Topic Analysis with Side Information: A Neural-Augmented LDA Approach

graph-neural-networks › knowledge-graphs
📄 Abstract

Abstract: Traditional topic models such as Latent Dirichlet Allocation (LDA) have been widely used to uncover latent structures in text corpora, but they often struggle to integrate auxiliary information such as metadata, user attributes, or document labels. These limitations restrict their expressiveness, personalization, and interpretability. To address this, we propose nnLDA, a neural-augmented probabilistic topic model that dynamically incorporates side information through a neural prior mechanism. nnLDA models each document as a mixture of latent topics, where the prior over topic proportions is generated by a neural network conditioned on auxiliary features. This design allows the model to capture complex nonlinear interactions between side information and topic distributions that static Dirichlet priors cannot represent. We develop a stochastic variational Expectation-Maximization algorithm to jointly optimize the neural and probabilistic components. Across multiple benchmark datasets, nnLDA consistently outperforms LDA and Dirichlet-Multinomial Regression in topic coherence, perplexity, and downstream classification.

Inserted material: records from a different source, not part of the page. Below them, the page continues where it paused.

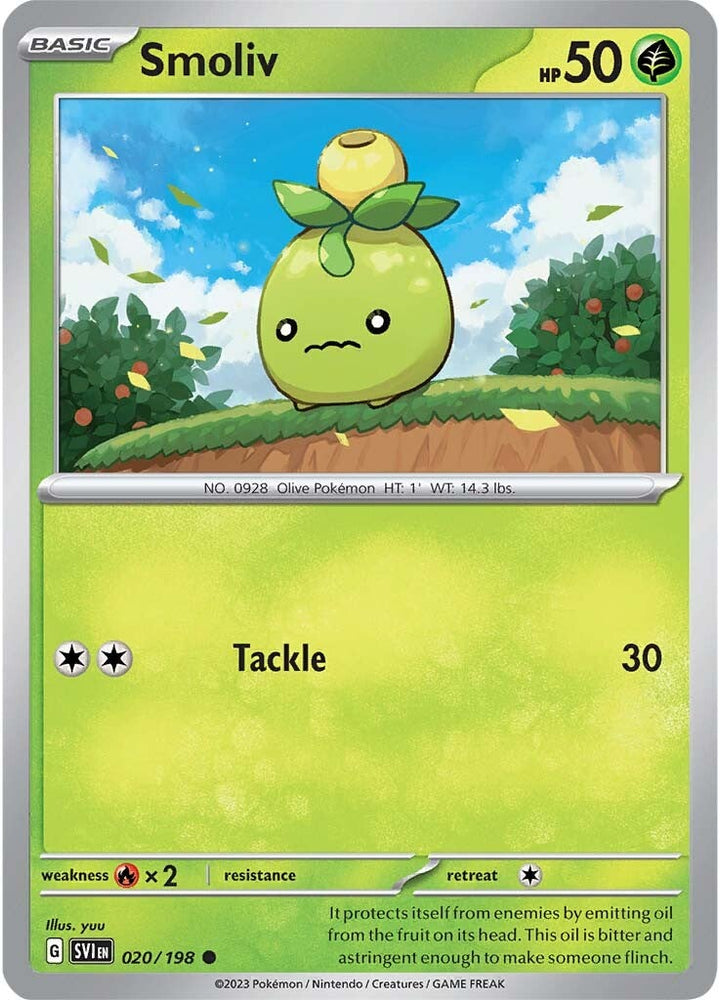 Smoliv (020/198) [Scarlet & Violet: Base Set] Pokémon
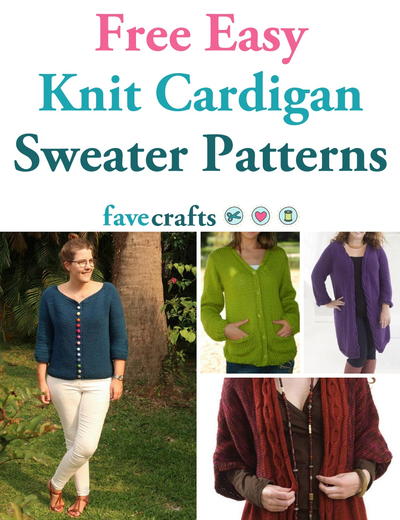 15 Free Easy Knit Cardigan Sweater Patterns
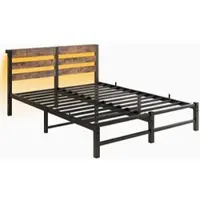 STILVORA TV-Schrank mit Klapptür und 2 Schubladen,TV-Lowboard mit offene Fächer,Fernsehschrank aus MDF mit Holzmaserung,Natur+Schwarz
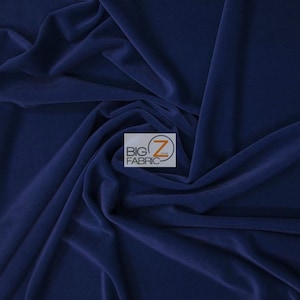 Stretch Velvet Velour Spandex 360 Grams Costume Fabric - ROYAL BLUE - 58&quot;/60&quot; Width Sold By The Yard
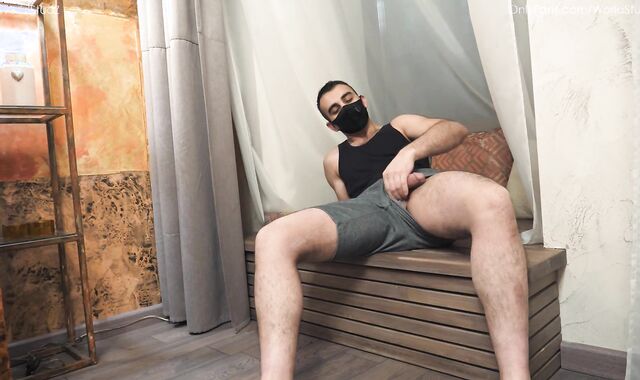 Faggot-For-Pay Turkish hairy man Emil emotionally masturbates off his gigantic wood OnlyFans/WorldStudZ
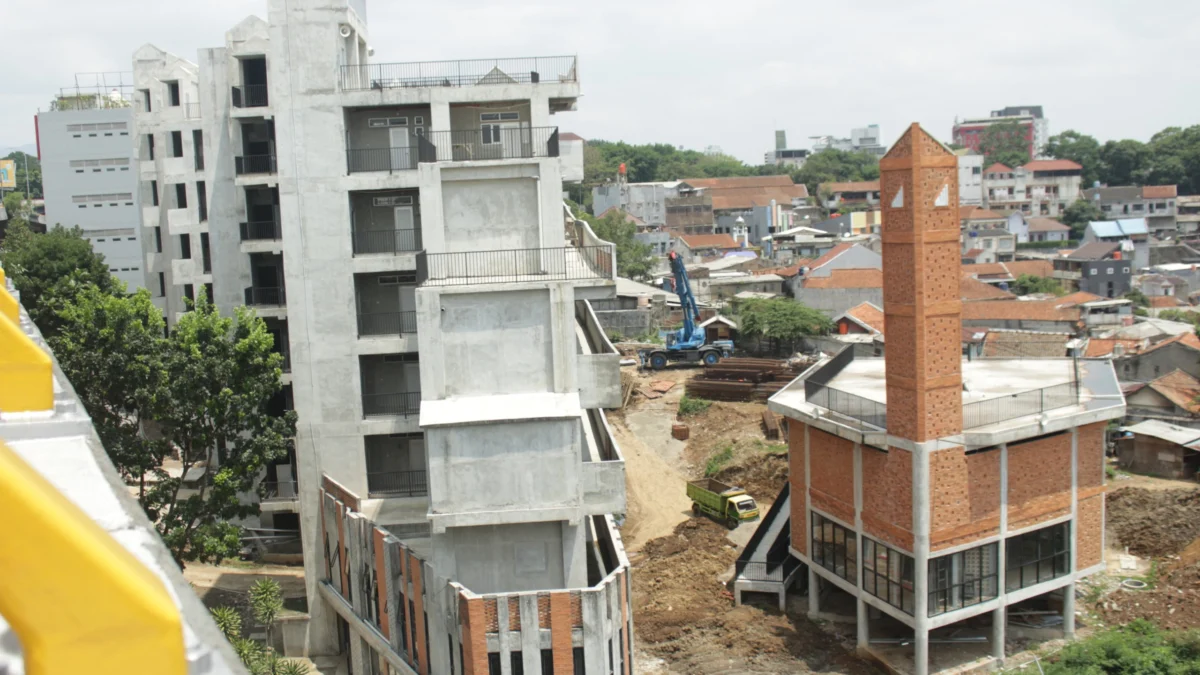 Ilustrasi Rumah Deret Tamansari di Kota Bandung. (Pandu Muslim)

These results highlight the benefits of combining neural representation learning with probabilistic topic modeling in settings where side information is available.
Authors (4)
Biyi Fang
Truong Vo
Kripa Rajshekhar
Diego Klabjan
Submitted
October 28, 2025
arXiv Category
cs.LG
arXiv PDF

Key Contributions

Proposes nnLDA, a neural-augmented LDA model that dynamically incorporates side information (metadata, user attributes, labels) via a neural prior. This allows for capturing complex nonlinear interactions between side information and topic distributions, overcoming limitations of static Dirichlet priors in traditional LDA.

Business Value

Enables more insightful analysis of text data by incorporating context, leading to better content recommendation, targeted marketing, and sentiment analysis.